Mr. Crockett said the city’s interest in high-speed rail from Atlanta has support from Donald Trump, the federal president having made statements a day earlier about magnetic levitation trains. Mr. Crockett stressed a theme of continuing from the 1990s a green-oriented reforms that would involve innovative thinkers and universities. “Delegations were coming from all over the world to experience the idea of Chattanooga,” he said, “and you will want to be part of it.”
The candidates circled the housing issue, as if mayors somehow are a landlord or builder competing with others. Because the federal dole in housing, the candidates spoke as if housing were a matter of direct mayoral interest.
Mr. Grohn said 75,000 more people will live in the area by 2030. He wants infrastructure and “economic development” to account for this prospective growth. The city is 6,000 housing units short. “This administration in four years has produced one affordable house,” and many dwellings built require F$60,000 incomes to rent. Boosting homeownership is vital, he said, because a house is the basis of family wealth.
Chattanooga Neighborhood Enterprise
Mr. Crockett said he helped start Chattanooga Neighborhood Enterprise that used U.S. block grants for lower-end housing, a collaborative that “has done a remarkable job” in Chattanooga. Its goal was “to eliminate all substandard housing, and that is my goal.” Mr. Crockett would create a housing council with a holistic view. He and Bessie Smith looked at poor residents’ high electric bills, and that fueled his green push for energy efficiency. CNE can get people into a house if they earn F$14 an hour, and he has a plan to get people to at least that earnings level. Adult education, vocational education, and a “community revitalization plan” will get people on payrolls, “give people the dignity of a decent job.”
Mr. Berke gave a great deal of attention to discussing UTC and his administration’s dealings with it, especially in the rise of apartment complexes nearby and the innovation district and his classroom talks with students.
Mr. Long didn’t win points with wild statements. He said few local people were hired by VW, he said.
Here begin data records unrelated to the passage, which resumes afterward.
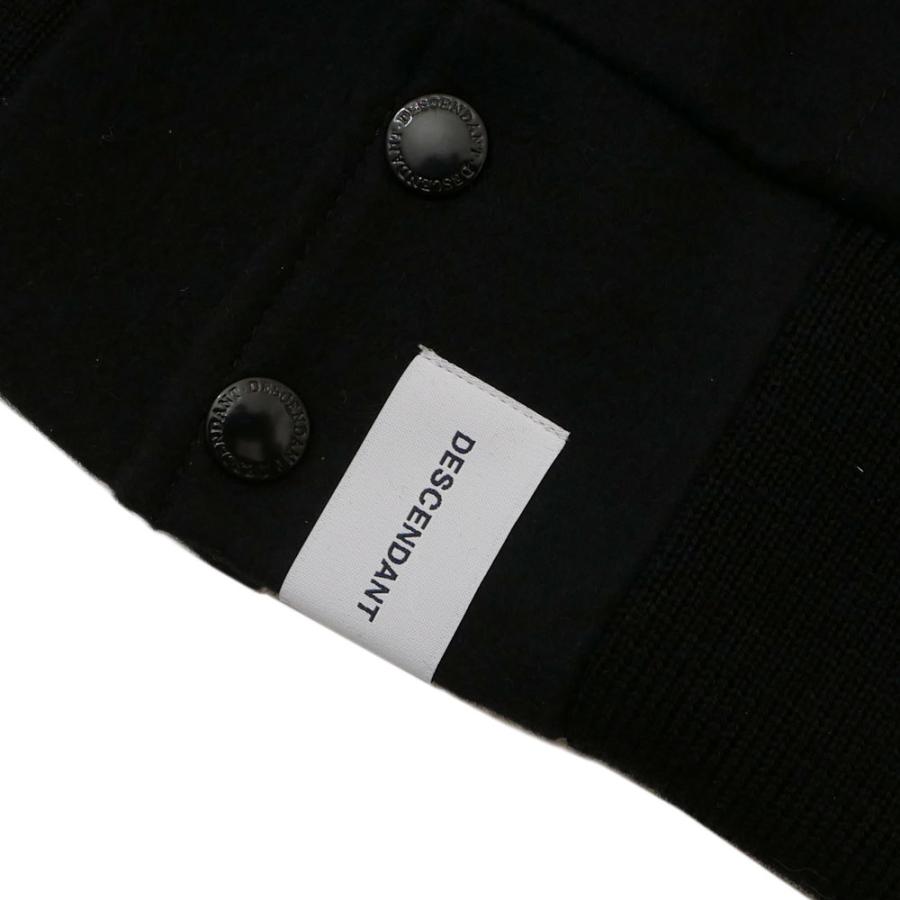 Ron Herman 新品 ロンハーマン x ディセンダント DESCENDANT Ron Herman 新品 ロンハーマン x ディセンダント DESCENDANT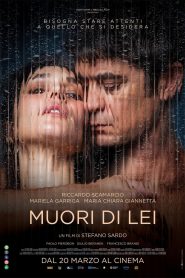Muori di lei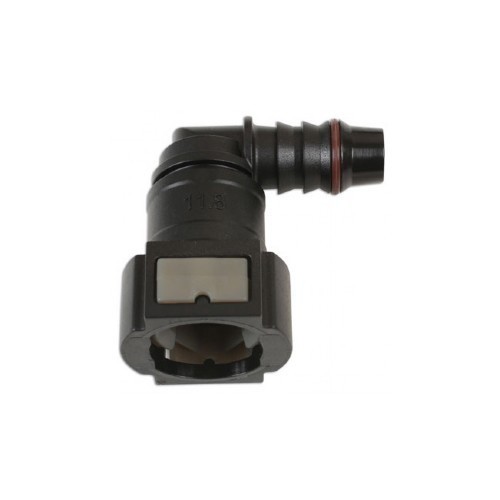     
                
                
    Raccords rapides coudés 11.8 x 10 mm - TB05079
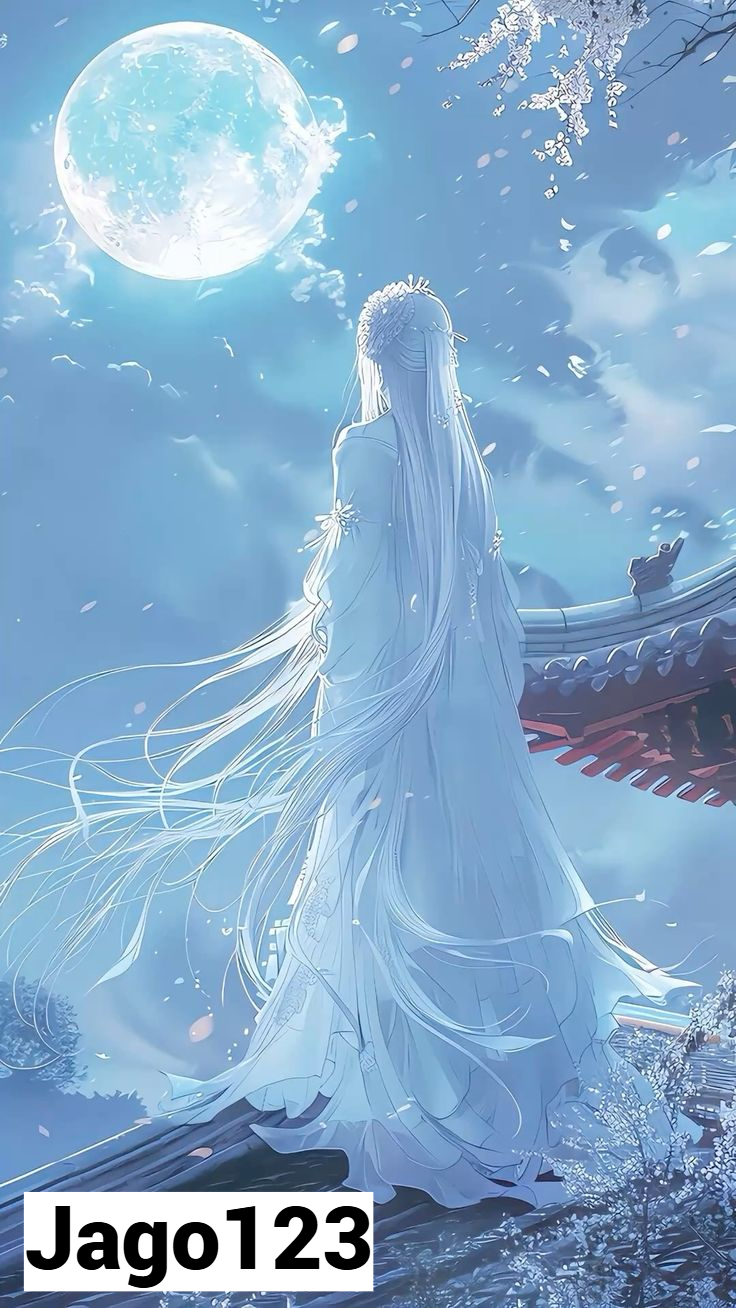 Jago123 : Jago 123 Bonus, Game Online Paling Ditunggu Gamer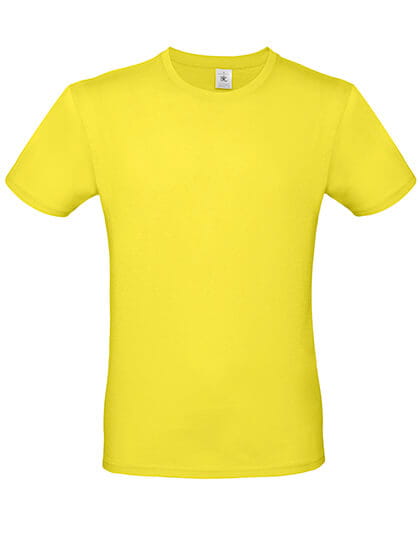 BCTU01T_Solar-Yellow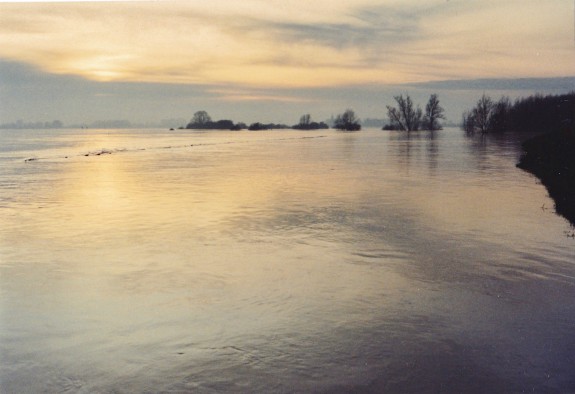 hoogwater1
Housing was not part of the mayoral race until he entered, he said.
Among the more expansive and unusual propositions were from Mr. Crockett, answering a question about “inequality” and how he would as mayor “narrow the gap” between rich and poor. Speaking “from an opportunity standpoint,” he said, because one cannot guarantee outcomes, only equality of opportunity. Part of that would be to “improve equity,” Mr. Crockett said. “Principles are more important than projects.” Environment, economy education he will improve, “and last and not least we will improve equity. *** Equity. Equity. Are we being fair with opportunity, with every decision, every dollar?”